4 of 4 people found the following review helpful
5.0 out of 5 stars Really good, mind-blowing stories, Jun 25 2003
By Paul Lappen - Published on Amazon.com
This review is from: Colossus: The Collected Science Fiction of Donald Wandrei (Hardcover)
In the 1930s, Donald Wandrei was one of the most famous science fiction pulp writers. Before the lines were drawn between fantasy, science fiction and horror, he wrote with a dark vision of the cosmos and a poet's sense of language. This book is an attempt to bring back some of his short fiction, largely un-reprinted.

This was a time when scientific plausibility had not yet become a central principle of science fiction. Plot and mind-blowing concepts were more important. On story in this book is about two men, rivals for the same woman, who follow each other on one-way trips to the year 1 million. One of the men makes a tiny, but huge, error in his calculations and arrives almost 2,000 years "late." The woman, kidnapped by the other man, is long since dead, but the later man finds that a cult, practically a religion, has grown up around his arrival among her descendants, the last people on earth.

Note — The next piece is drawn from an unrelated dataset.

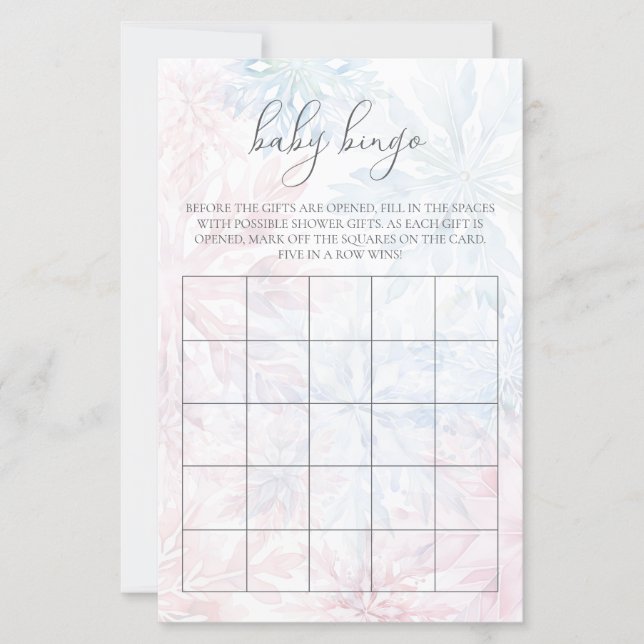 Bingo Game Winter Pink Blue Snowflake  (Front)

What if it could be determined that the entire universe was nothing more than an atom in some incomparably larger universe (and what if that universe was nothing more than an atom in some much larger universe)? A man builds a spaceship capable of traveling thousands of times the speed of light and aims to find out. There are also a number of tales of the end of mankind, in all sorts of interesting ways.

In 1938, John W. Campbell took over the editorship of Astounding Science Fiction, where many of these stories first appeared. He forced scientific plausibility and extensive rewrites on his authors, and thereby on the rest of the field. Wandrei found that he could not adjust his writing to suit Campbell, and, by the 1940s, Wandrei basically gave up full-time writing to concentrate on running the specialty publisher Arkham House, which he co-founded. While it introduced authors like H.P. Lovecraft and Clark Ashton Smith to a new generation of readers, Wandrei basically forbade the republishing of his stories.

I really enjoyed this book. It's quite good as a bit of science fiction history. Sometimes it's good to read stories full of up-to-the-minute science, and other times it's good to read stories like these, about the destruction of humanity or trips to the next universe. It gets a strong recommendation.